- **Extracted records**
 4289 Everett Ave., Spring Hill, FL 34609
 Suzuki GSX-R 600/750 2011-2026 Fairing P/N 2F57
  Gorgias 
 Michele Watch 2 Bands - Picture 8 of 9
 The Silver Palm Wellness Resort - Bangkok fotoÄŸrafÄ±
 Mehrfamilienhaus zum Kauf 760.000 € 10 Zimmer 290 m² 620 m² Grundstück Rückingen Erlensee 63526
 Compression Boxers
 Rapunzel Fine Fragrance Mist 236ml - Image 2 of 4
* * *
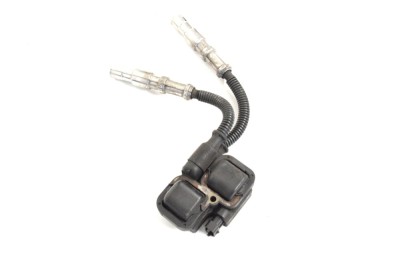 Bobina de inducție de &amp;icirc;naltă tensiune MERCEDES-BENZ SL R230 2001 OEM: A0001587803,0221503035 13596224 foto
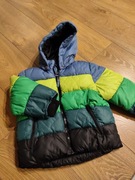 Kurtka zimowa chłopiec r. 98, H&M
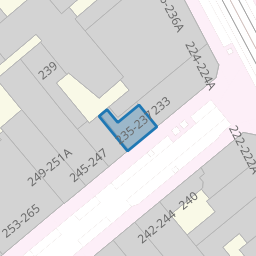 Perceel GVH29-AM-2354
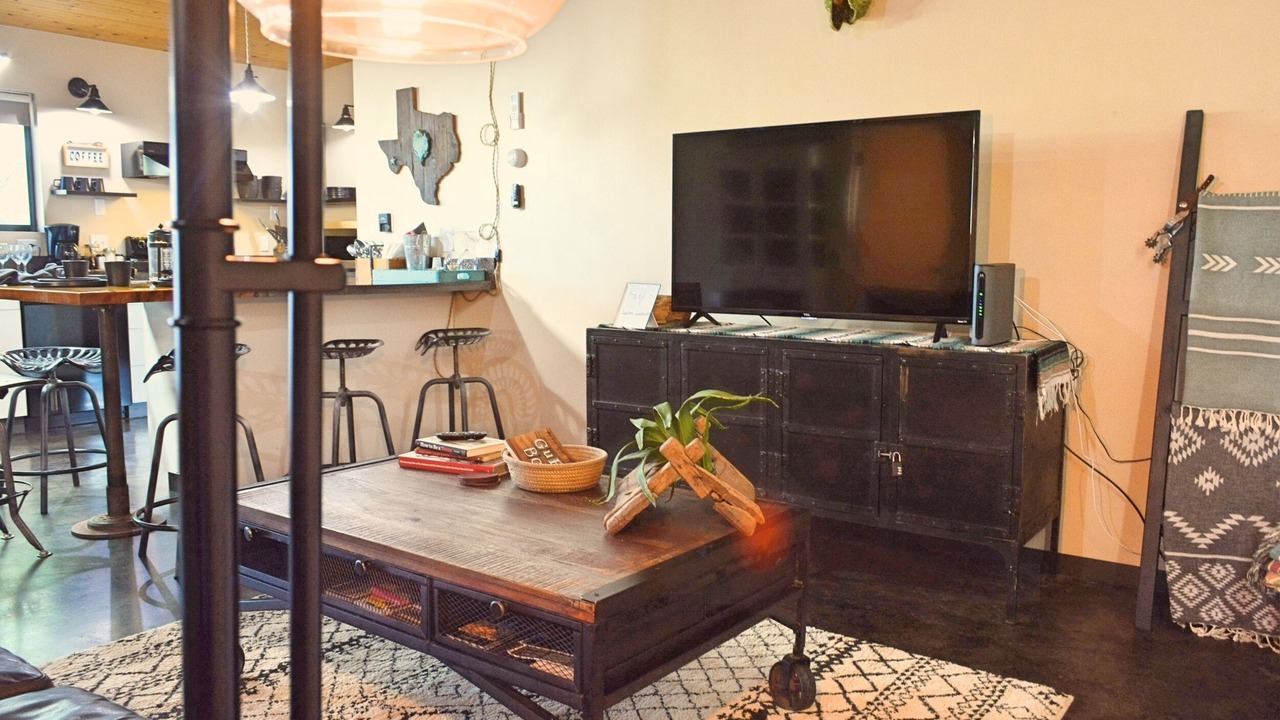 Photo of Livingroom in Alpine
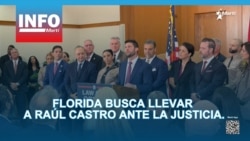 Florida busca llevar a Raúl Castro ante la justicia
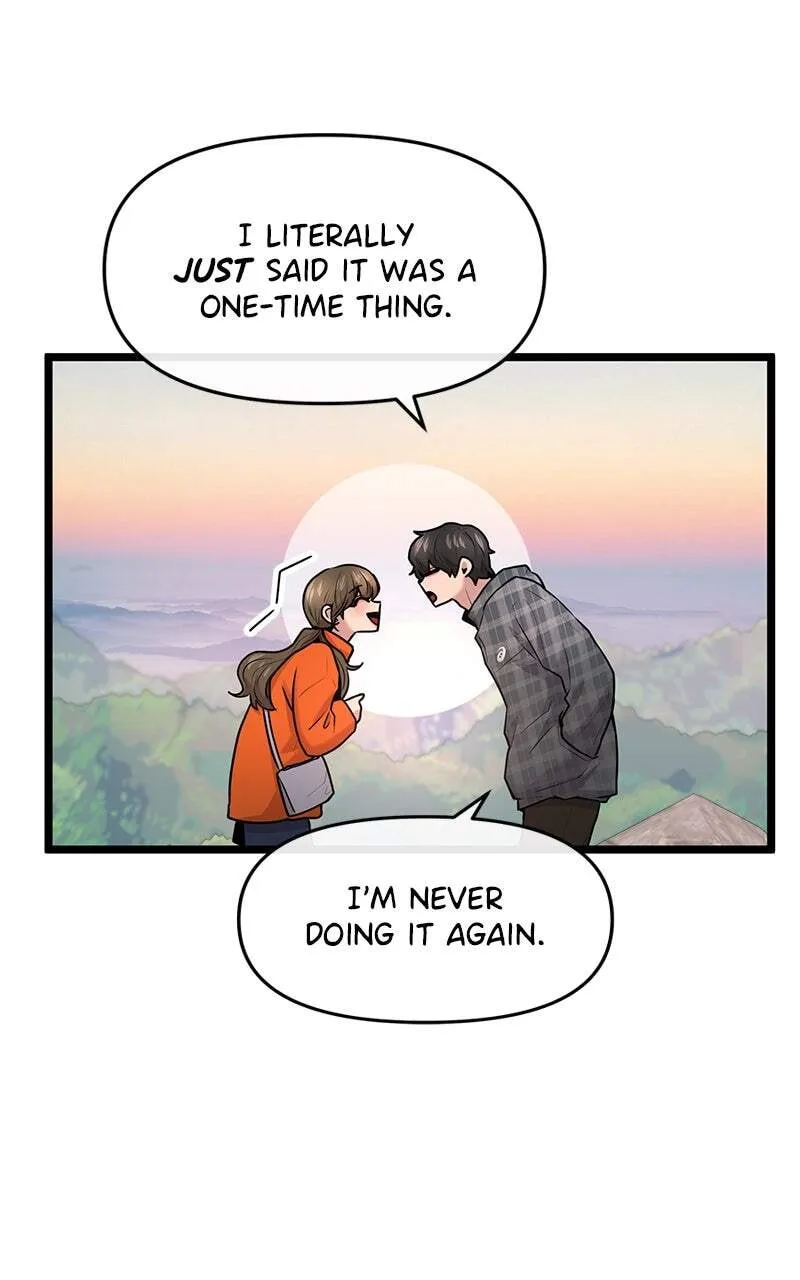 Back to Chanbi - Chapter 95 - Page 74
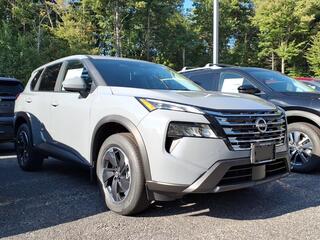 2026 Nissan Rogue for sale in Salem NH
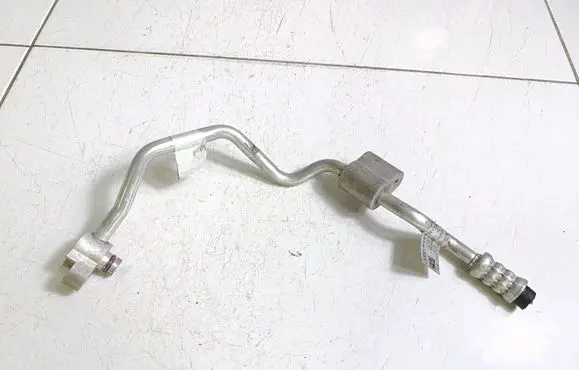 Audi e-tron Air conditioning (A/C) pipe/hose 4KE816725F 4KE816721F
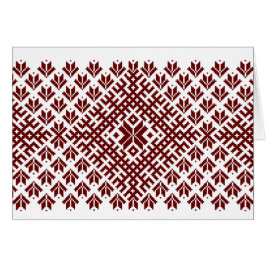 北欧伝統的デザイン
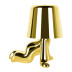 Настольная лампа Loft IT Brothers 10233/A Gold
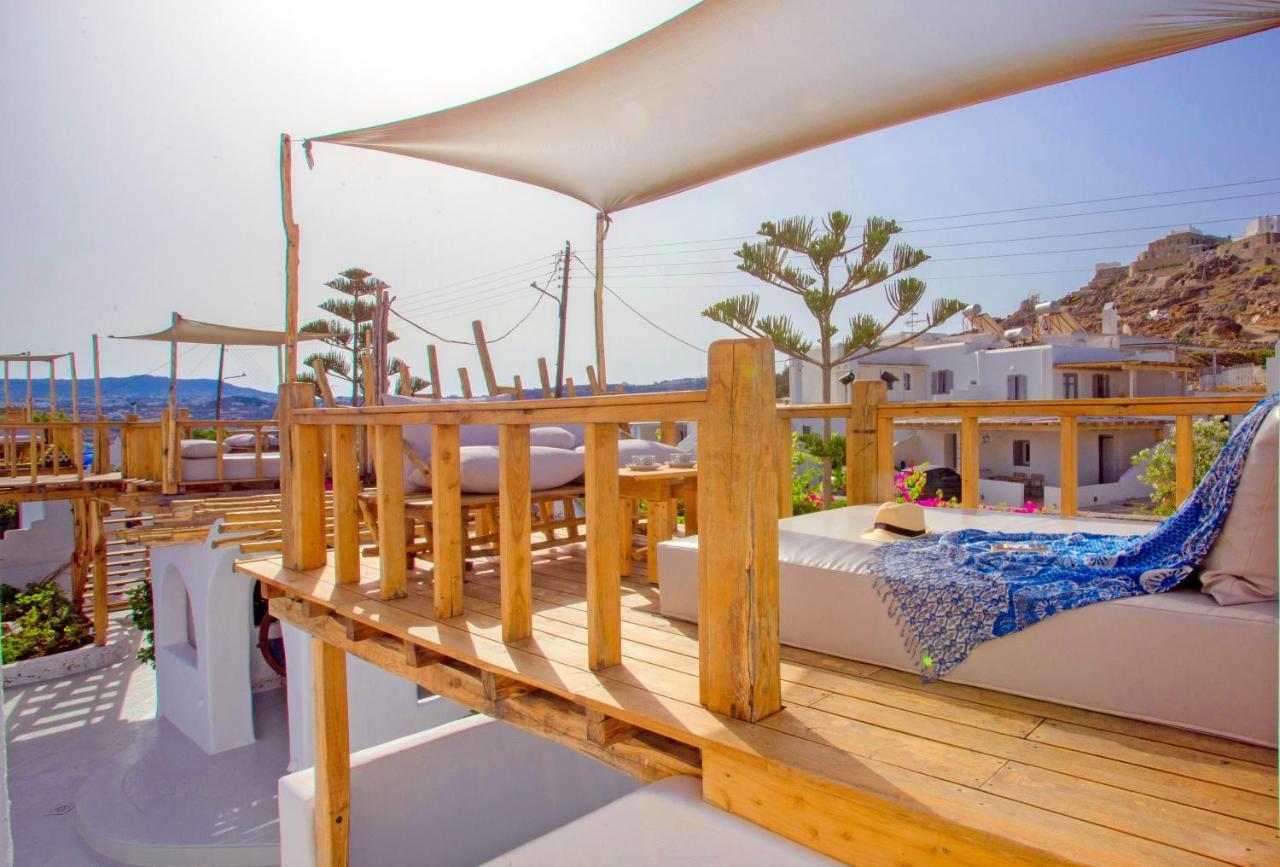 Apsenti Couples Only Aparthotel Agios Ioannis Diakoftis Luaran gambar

- **Directions**
In the listing above, find the line holding "Back to Chanbi - Chapter 95 - Page 74" and the line holding "Настольная лампа Loft". Reproduce those two lines and all between them exactly, leaving out pictures.

- **Written response**
 Back to Chanbi - Chapter 95 - Page 74
 2026 Nissan Rogue for sale in Salem NH
 Audi e-tron Air conditioning (A/C) pipe/hose 4KE816725F 4KE816721F
 北欧伝統的デザイン
 Настольная лампа Loft IT Brothers 10233/A Gold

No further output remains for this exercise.